Race Man Jim Travers and the Traco Dynasty
“To say that he was one of the best in his chosen field would explain Jim Travers about as adequately as saying Bob Hope was a good song and dance man.”
Being a combination of its founders’ surnames, [Jim] Travers and [Frank] Coon, Traco could just as easily have been named Contra. And “contra” was much that the two erstwhile dry lakes competitors and early flathead Ford V-8 adopters brought to the table when they joined forces in 1956. They built an enduring company and an enduring friendship, bolting together winning race engines for major race teams throughout the 1970s. Their shop on Thunder Alley (aka West Jefferson Boulevard in Culver City, California) was near those of Dick Guldstrand, James Garner, and Lance Reventlow (formerly Jim Nairn’s) along with Iskenderian and Edelbrock. Heavy hitters all of them. The general public may not have known Traco but in the professional go-fast community—USRRC, Can Am, Trans Am, Pikes Peak, Worlds Manufacturers Championship—the firm had a legendary reputation and in 2010 Travers and Coon (both born in 1920 but Coon died in 1997) were inducted into the Indianapolis Hall of Fame.
That this long-overdue story is now being told in such detail is in no small measure to author Gordon Chance being both an insider and cut of a similar cloth. At 17 he started tuning Weber carbs for Maserati of Beverly Hills (which he did so well he earned the handle “the teen tuner”), helped build a Birdcage Maserati for Bill Krause, tuned Ferraris for Bill Harrah, and then built a Chrysler Hemi-powered sports racer for John Mecoms’ racing operation. It is here that he crossed paths with Jim Travers, which would lead to working at Traco 1965–68, briefly interrupted by a stint on Carroll Shelby’s GT-40 program. An engine guy telling another engine guy’s story.
In the Preface Chance points out that one single book hardly suffices to do the Traco story justice because the firm rose to become probably the largest supplier of racing engines in the world. Chance therefore does not attempt a forensic blow-by-blow account of the Traco universe but concentrates on painting a picture of Travers the man. Which is why the book comes with this disclaimer: “The use of coarse language, ethnic, racial or social political reference is presented as authentic to the racing scene of the period . . .” But, really, forget the racing scene. Recall the era: beatniks advocating flower power and burning draft cards to make love not war. To some a noble cause but to Travers—and many of his generation—nothing but “communist hippie bastards.” So, cover the children’s ears.
Three brief Forewords (by Chuck Cantwell, Stewart Van Dyne, Phil Remington) zeroing in on Travers precede one longish one by Peter Brock who offers an appreciation of Chance’s many accomplishments.

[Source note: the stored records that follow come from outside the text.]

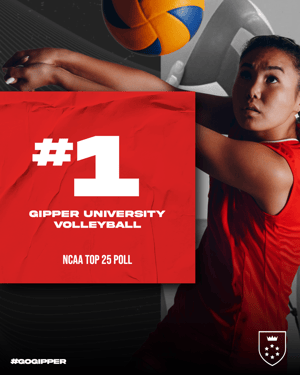 Gipper's rankings graphic template showcasing photo of a young female volleyball player with a red text box with ranking information. Color scheme is red and white.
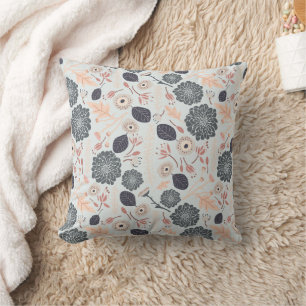 Coussin Playay Blue Peach Floral Reprendre l'impression
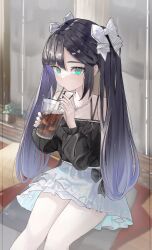 Rule 34 | 1girl, absurdres, achib, alternate costume, aqua eyes, bare shoulders, black nails, black shirt, bow, casual, commentary, cup, disposable cup, drinking, drinking straw, drinking straw in mouth, feet out of frame, genshin impact, hair bow, highres, holding, holding cup, ice, jewelry, long hair, long sleeves, looking at viewer, mona (genshin impact), necklace, off-shoulder shirt, off shoulder, pearl necklace, plant, potted plant, purple hair, shirt, sitting, skirt, solo, twintails, very long hair, wariza, white bow, white skirt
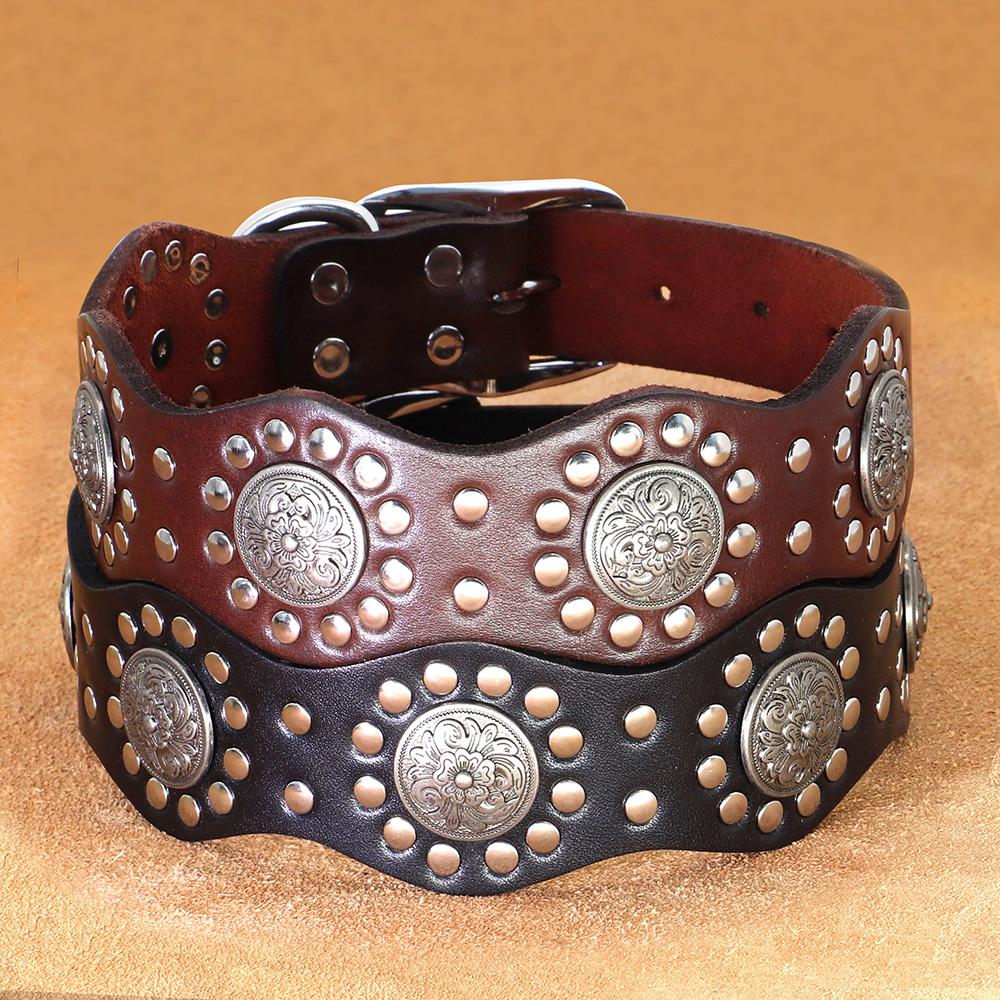 Luxury Genuine Leather Dog Collar 2inch Wide Cool Spikes Durable Collars for Medium Large Dogs German Shepherd Pitbull Correa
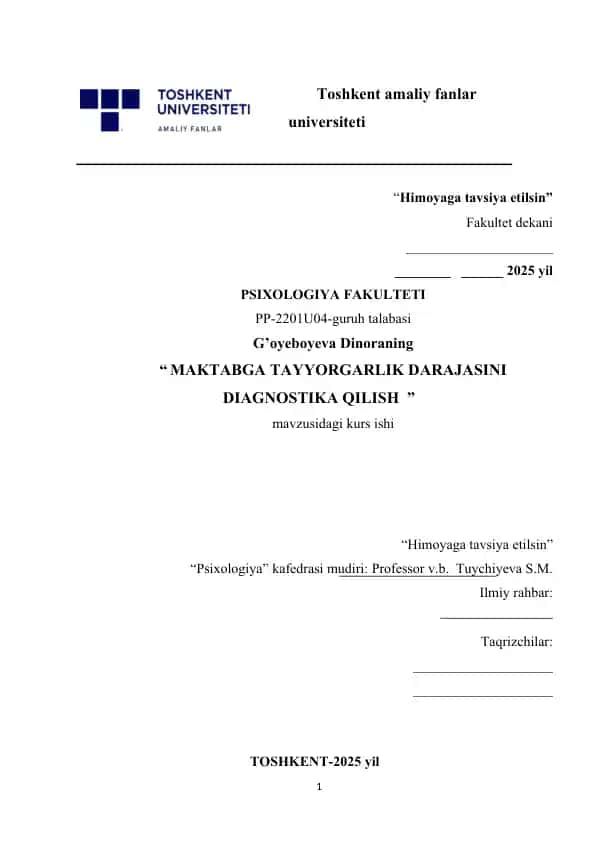 MAKTABGA TAYYORGARLIK DARAJASINI DIAGNOSTIKA QILISH .docx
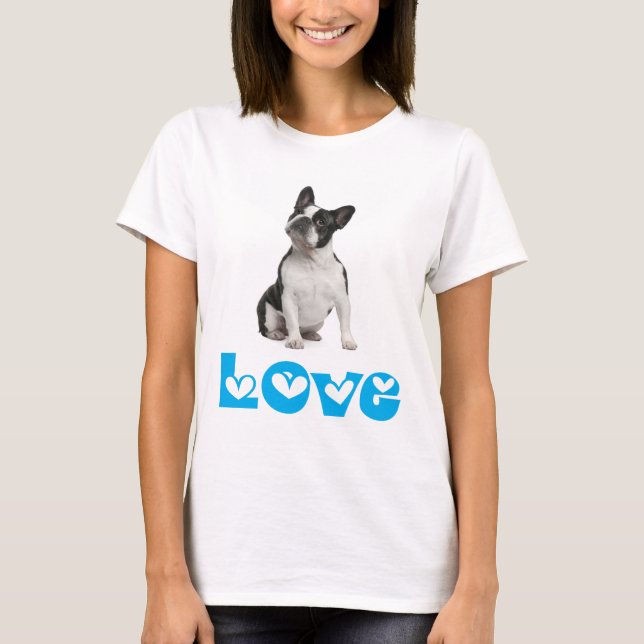 Me encanta la camiseta de perro porcino del Bulldo (Anverso)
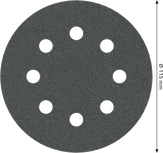 Bosch PRO F355 schuurschijf 115 mm G180 met 8 gaten.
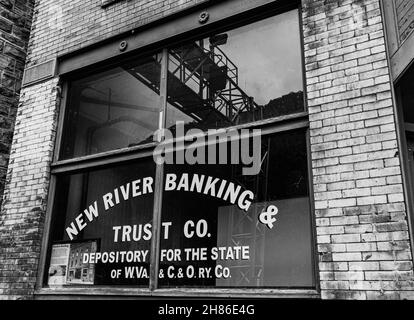 One of The Abandoned Bank Buildings in Downtown Thurmond Beside The Railroad Tracks, New River Gorge National Park, Wesy Virginia, USA Stock Photo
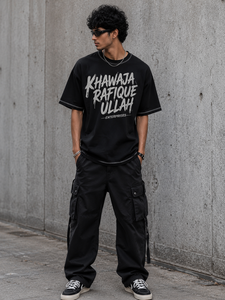 Khawaja Rafique Ullah Enterprises Men's Oversized <b>Long</b> Knitted <b>Black</b> <b>T</b>-<b>Shirt</b> Contrast Trim Street Style Short <b>Sleeve</b> O-Neck 100% - Product Image 4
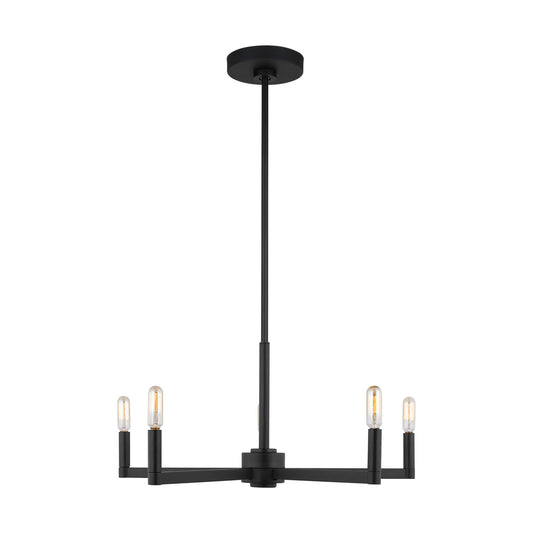 Fullton Five Light Chandelier in Midnight Black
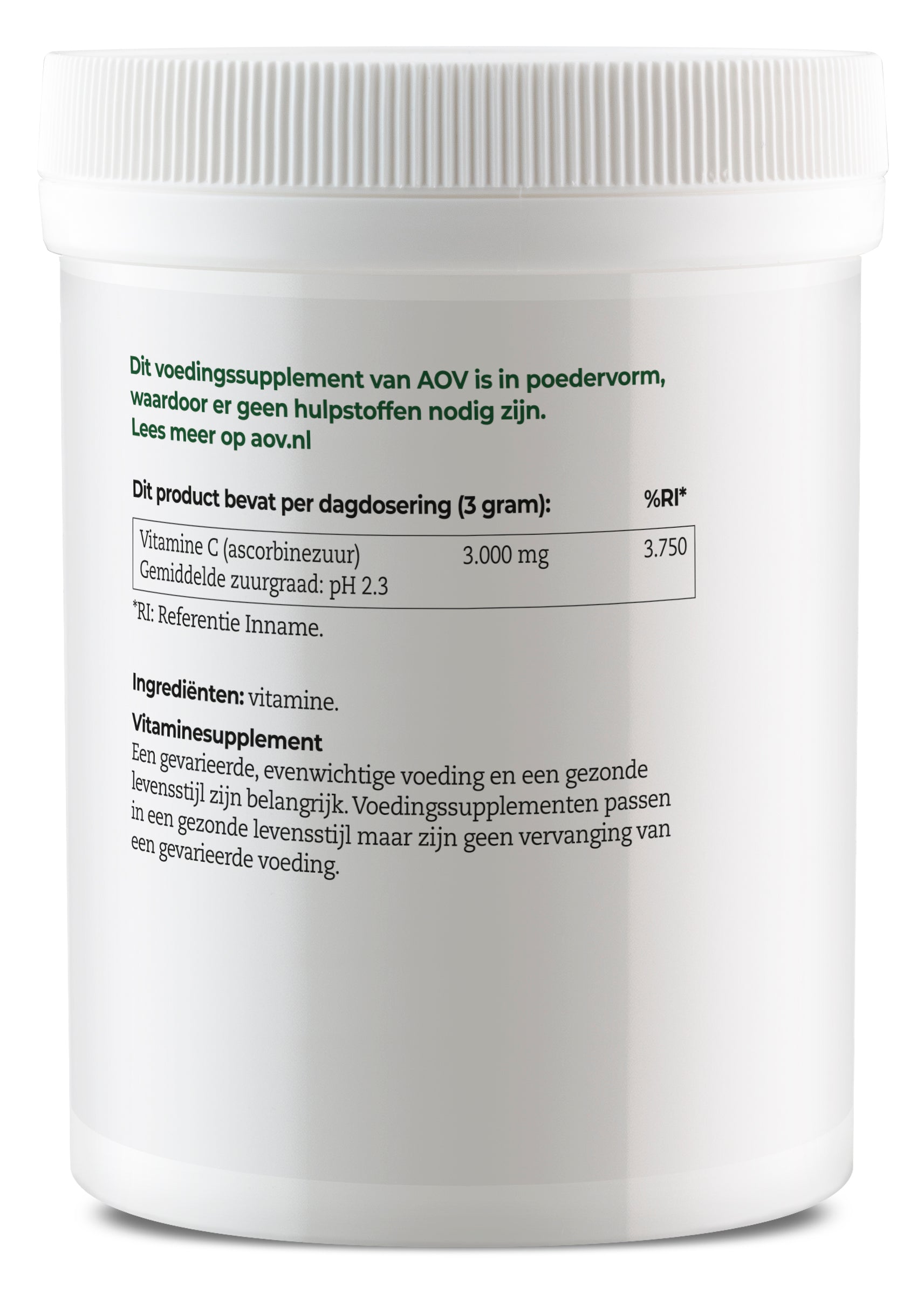 AOV 330 Vitamin C ascorbic acid powder in a 250g container, natural vitamin supplement with bright orange packaging.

As Brock notes, “Chance’s narrative has the raw reality of truth, He’s one of the few racers remaining that were there when the great events of that period happened, but more importantly he had the insight to keep accurate notes, knowing that some day others might want to understand what really occurred and why.”
The book is self-published and has a bit of a homespun flavor in regards to layout and style, not at all out of place in this particular case. There are as many pronouncements of fact and data as there are innuendo and random banter—and all are probably good for a lot of spirited discussion. Chance himself says, “I write this book as a mechanic and a friend, not a journalist.” But therein lies its relevance as a personal and also a historical record. It is a labor of, and out of love—definitely something that may make men of a certain generation skittish. This is a book you’ll absolutely want to read if you want a really close-up, unvarnished look behind the curtain.
The book is also available signed by the author with a certificate of authenticity for $80 and a very small number of copies at $150 are signed by Jim Travers. Signed artwork by either or both are available at the publisher’s website.
If you are a gearhead and know race shops, don’t confuse the old TRACO with the current TRA-CO—founded by ex-Traco man Jim Jones—which builds NASCAR racing engines in North Carolina.